Cheese with low levels less than 5 grams lactose Fresh unripened cheese such as mozzarella, cream cheese and ricotta are not aged. Only part of the lactose that remains in the curd has a chance to convert to lactic acid. Cottage Cheese, also a fresh unripened cheese, generally has additional milk or cream mixed with the curd. Therefore, fresh cheeses contain more lactose than aged cheeses.

Processed cheese foods and cheese spreads are made by melting natural cheese to stop the aging process and then adding other ingredients, including whey or milk. Cheese foods and cheese spreads contain lactose.

Look for aged rather than younger cheeses, and sugar content under 5 grams per serving. Grated Parmesan contains 2. Many types of cheese fall under the category of "Swiss.

Swiss cheese contains 0. This soft, buttery creamy French cheese is traditionally made of cow's milk but can also be made from goat's milk. Depending on the type of milk used, Brie contains 0. Fresh cheeses like feta are significantly higher in lactose than some of the hard cheeses.

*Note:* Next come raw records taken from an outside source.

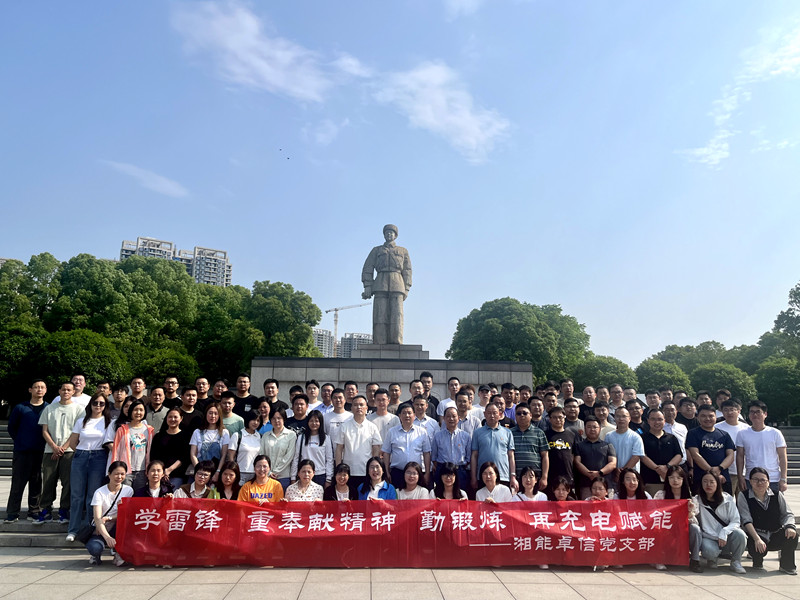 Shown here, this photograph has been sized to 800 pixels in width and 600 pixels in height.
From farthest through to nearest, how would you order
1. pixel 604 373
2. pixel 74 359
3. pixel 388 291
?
pixel 604 373 < pixel 74 359 < pixel 388 291

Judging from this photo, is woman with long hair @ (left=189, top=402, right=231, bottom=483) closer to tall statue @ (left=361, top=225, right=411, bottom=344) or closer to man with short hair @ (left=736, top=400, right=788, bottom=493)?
man with short hair @ (left=736, top=400, right=788, bottom=493)

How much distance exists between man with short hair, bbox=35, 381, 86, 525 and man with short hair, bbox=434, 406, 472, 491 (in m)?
4.24

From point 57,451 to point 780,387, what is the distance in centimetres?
3193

It may take some experimentation to figure out whether or not you can tolerate them, so be aware that feta contains approximately 4.

Similar to Brie, Camembert is a creamy, soft French cheese that has a slightly runny interior and is made from cow's milk. It contains anywhere from 0. This semihard Dutch cheese is one of the most popular in the world and contains 0. It's not for everyone, but those who like blue cheese tend to love it. It's made from the cultures of the mold Penicillium and definitely carries a distinct smell. It contains 0. This semihard Italian cheese is made from cow's milk and has a mild, smoky flavor.

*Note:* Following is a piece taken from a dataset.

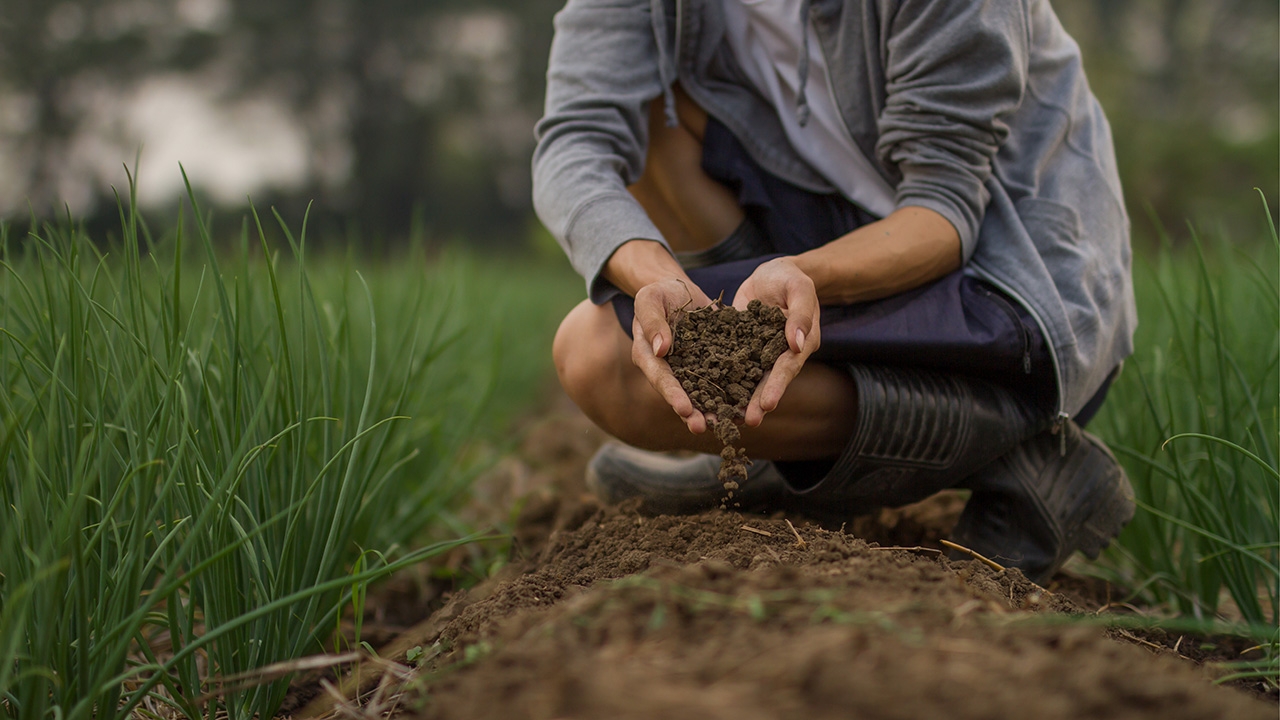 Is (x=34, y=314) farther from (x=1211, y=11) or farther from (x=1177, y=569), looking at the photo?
(x=1211, y=11)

Being lactose intolerant doesn't necessarily have to mean giving up all cheeses, but the rule of thumb is this: The harder, more aged the cheese, the less lactose it likely contains. That said, Duggan says your best bet is to work with a professional nutritionist to figure out which foods are best for you. Want your passion for wellness to change the world? Become A Functional Nutrition Coach! Still, it can be helpful to know which ones you might be able to eat without feeling sick. Agarwal explains.

With all that said, here's what you should know about lactose in cheese if you're looking to eat it and not feel like garbage.

Cheese is actually quite low in lactose compared to dairy products like milk, cream, and yogurt. Most contain less than 2 grams per serving 1 ounce , which is far less than the 12 to 13 grams of lactose you get in one serving 1 cup of milk. Of course, most people don't just eat 1 ounce of cheese in one sitting, so keep in mind that eating the better part of a cheese plate will probably mean you're having way more than just 2 grams of lactose.

Interestingly, the cheesemaking process contributes to the amount of lactose. Every cheese goes through a slightly different process, but in general, making cheese basically involves removing whey the liquid part from milk and then acidifying and salting the remaining curd, says Andy Hatch, cheesemaker and owner at Uplands Cheese.

For example, soft cheeses like brie as well as hard ones like cheddar or Monterey Jack are low in lactose, but they go through two totally different processes, he says. Harder cheeses have the whey drained out of the cheese vat before the curds are packed into cheese forms for pressing.

But softer cheeses, like brie and Camembert, don't have their whey removed until after the curds are put into cheese forms, where "they will slowly drip out of the newly formed cheeses," Hatch says. Exactly when the whey is removed—whether at the beginning or the end—doesn't really impact the amount of lactose a cheese will end up with.

What really determines that is the next step, fermentation, which begins as soon as lactic acid bacteria which can be naturally occurring or added starts metabolizing the milk's lactose and turning it into lactic acid. This can begin at any time during the process depending on how a cheesemaker manipulates certain conditions, like temperature, moisture, and salt, Hatch explains.

And, he adds, fermentation can happen before whey is drained and after it's all gone—it will only stop when all the available lactose has been converted into lactic acid. Aged cheeses, both hard and soft—like Parmesan or brie—contain so little lactose that it's virtually undetectable, Sasson says.